> _What to produce_
Copy down the listing below exactly. Do not include pictures.

> _Material provided_
• • • •
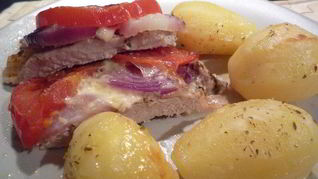Свинина, запеченая с помидорами и моцареллой
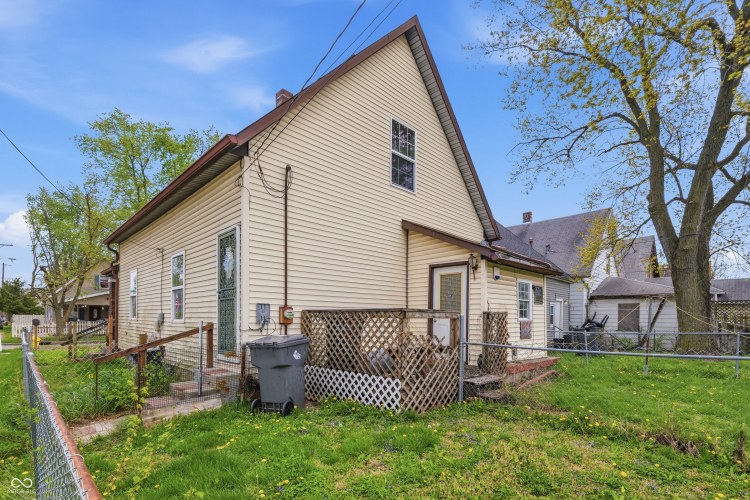 Listing Image 5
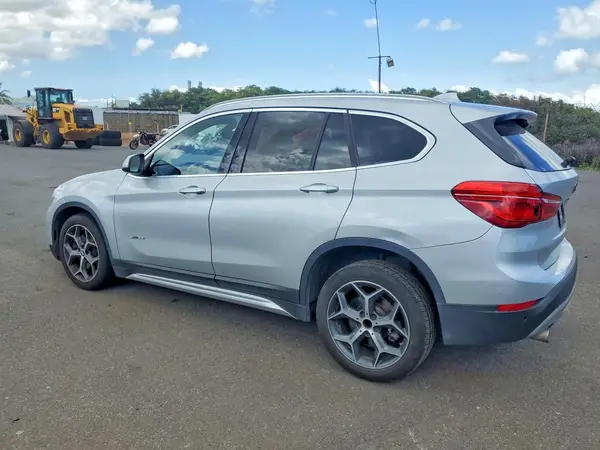 WBXHU7C32J5H39726 2018 BMW X1 - Image 2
• • • •
> _Problem solution_
Свинина, запеченая с помидорами и моцареллой
 Listing Image 5
 WBXHU7C32J5H39726 2018 BMW X1 - Image 2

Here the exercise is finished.